Yorgos Lanthimos, deerhunter
'There are various ways of delivering some kind of truth, so I try to find the style or the way that I find more effective,' says the director of The Killing of a Sacred Deer
Director Yorgos Lanthimos first came to international attention in 2009 with Dogtooth, a surreal drama co-written in Greek with Efthymis Filippou. In 2015, the pair ventured into English with the sex satire The Lobster. For his second English-language film, The Killing of a Sacred Deer, Lanthimos places a mythic story in a modern setting as he follows the strange relationship between a prosperous American cardiologist, played by Colin Farrell, and a manipulative teenage boy, played by Barry Keoghan. The Globe and Mail spoke with Lanthimos at the Toronto International Film Festival in September.
The Killing of a Sacred Deer draws on a story of revenge and sacrifice that refers back to Greek myth, Agamemnon's sacrifice of his daughter Iphigenia to appease the goddess Artemis, or recalls the Biblical story of Abraham and Isaac. How did that element come into the script?
The relevant Greek tragedy is Iphigenia in Aulis [by Euripides]. It was something we discovered early on, that the story had similarities with a script we had already started writing. It started with a situation of a young boy accusing a doctor for the death of his father and seeking justice or revenge. We were interested in that situation: the eye for an eye is very familiar. We thought it was important to acknowledge that this kind of story, this kind of theme, was explored even in ancient years; it is something that remains unchanged almost, the way we feel about these things. We never tried to adapt the tragedy but we thought it was interesting to acknowledge it: we created a playful dialogue.
You and Efthymis Filippou are both Greek speakers, now writing your scripts in English. Do you start in Greek or in English?
We write in Greek and then we translate into English. We are fortunate we have found a couple of people who are bilingual, who are half Greek, half English; they help us translate. One of them also did the subtitles in our first films, so he gets our tone, which is important. After we do the first translation, then we mostly work on it in English.
And that tone is unusual. The dialogue occasionally reminds me of Harold Pinter, this flat, pedestrian language seeming to hide violence behind it. Do you feel there is a particular advantage – does it add to your style? – this way of not working in your original language?
It does. It is very important for me. When we first started with Dogtooth, the first film we wrote together, for me it was important to find someone with whom I shared a similar sensibility, [so] I would find a singular voice and be able to transform the stories we wanted to tell in a particular manner that was interesting to me. In film, I like transformation. That goes for the language, for the image, for the performance. I am not interested in representing reality. Actually, I am interested in representing reality but that doesn't mean a naturalistic approach, which I think is kind of impossible. Even in documentary; documentaries are so staged and the people in them, it is a kind of performance. There are various ways of delivering some kind of truth, so I try to find the style or the way that I find more effective.

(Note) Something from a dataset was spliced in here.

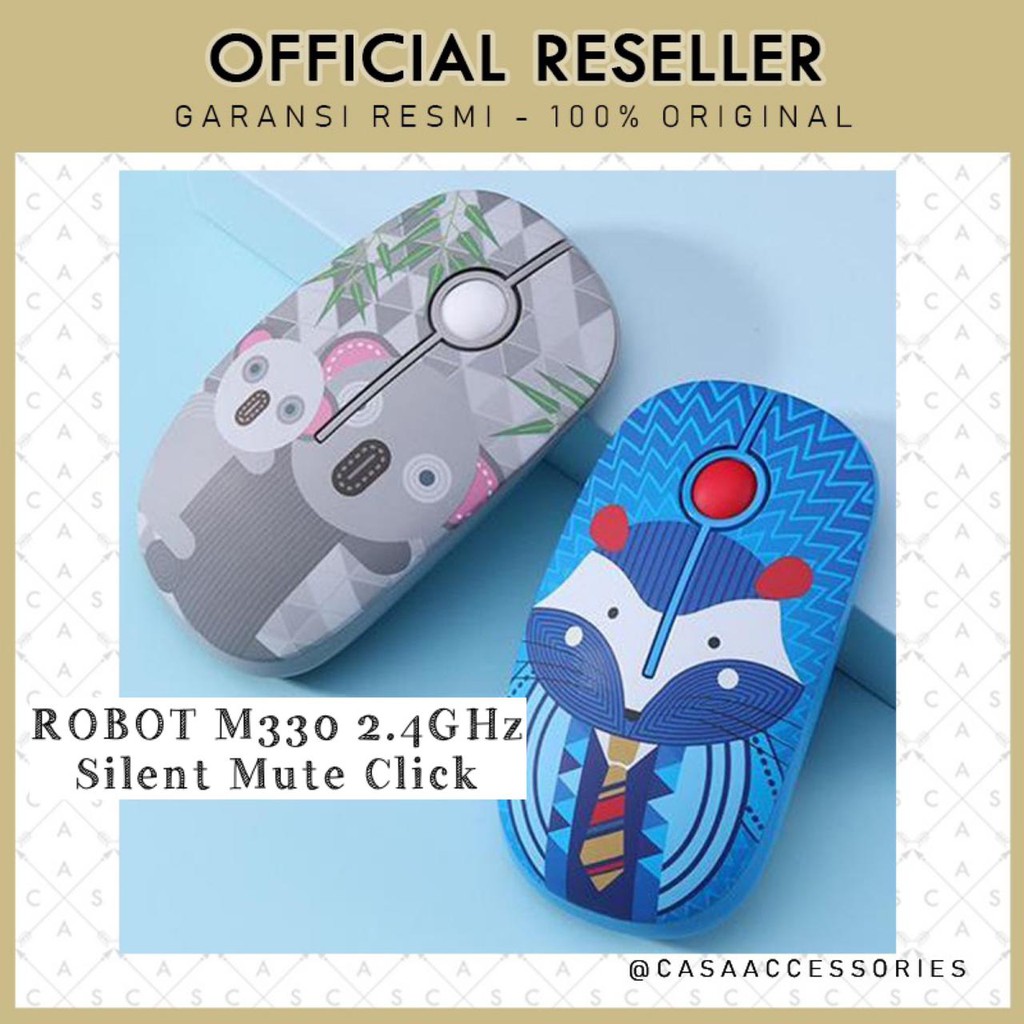 Robot M330 Mouse Wireless Karakter Lucu 2.4GHz Silent Mute Click / Original Robot Garansi Resmi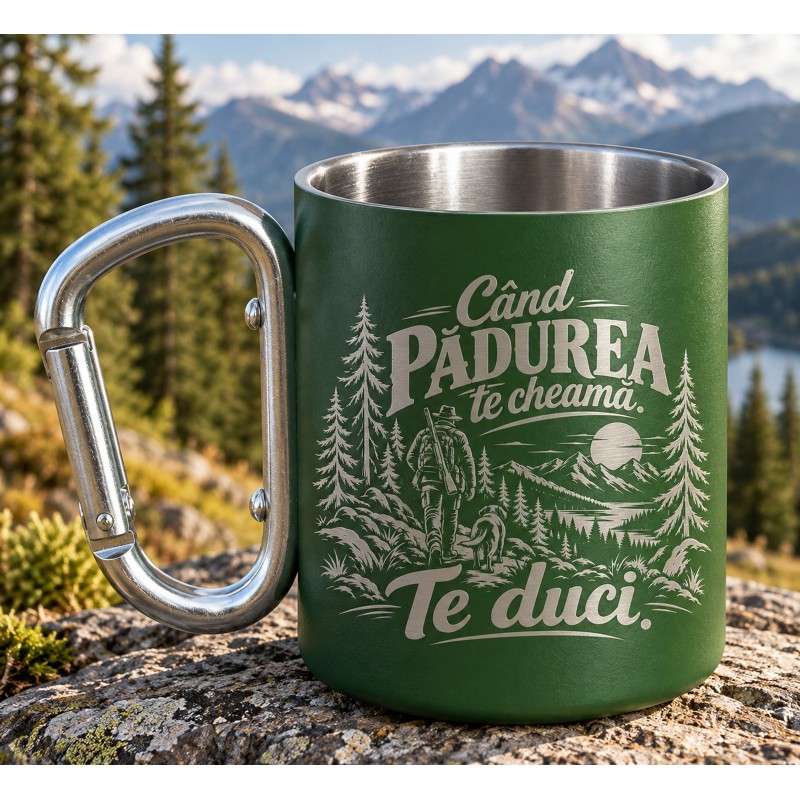                  Cană Gravată Verde 200ml cu Carabinieră „Când pădurea te cheamă. Te duci.” | Cadou pentru Vânători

A lot depends then on the style of the performances. How do you direct your actors?
I think it's connected with the style of the writing because I don't really ever ask them to do anything, I don't ask them to speak or act in a certain way. It comes down to them understanding the tone of the writing and delivering it in a way that sounds the most natural to them to be saying those words. All I do is encourage them to just say the words, to be there, to do it, and they themselves understand if it's the right way or the wrong way. I try not to go into conversations about how they should play the part, or do the scene, or how they should speak. It comes naturally and I just try to refine things, or change the physicality of a scene. I work very physically with them.
If I were just to describe the plot of the film, it might sound like a horror film. How would you compare it to the horror genre?
I think it flirts with the genre; I don't think it's a horror film, per se. We are using elements from the genre but we are doing it in a distinctive way. It sprung from structuring this story and discovering the elements we needed. Weirdly enough, the process was very logical. When we started creating this relationship between this young man and this doctor, the conflict they have, how could that be resolved, how a teenager could apply pressure to someone who is a grown, successful man. You all of a sudden have a solution, the inexplicable, the supernatural, a power you cannot understand and control. That was not the original idea, but it's a logical answer to, how do you make this young boy control this man's life?
The Killing of a Sacred Deer opens Nov. 3
This interview has been edited and condensed.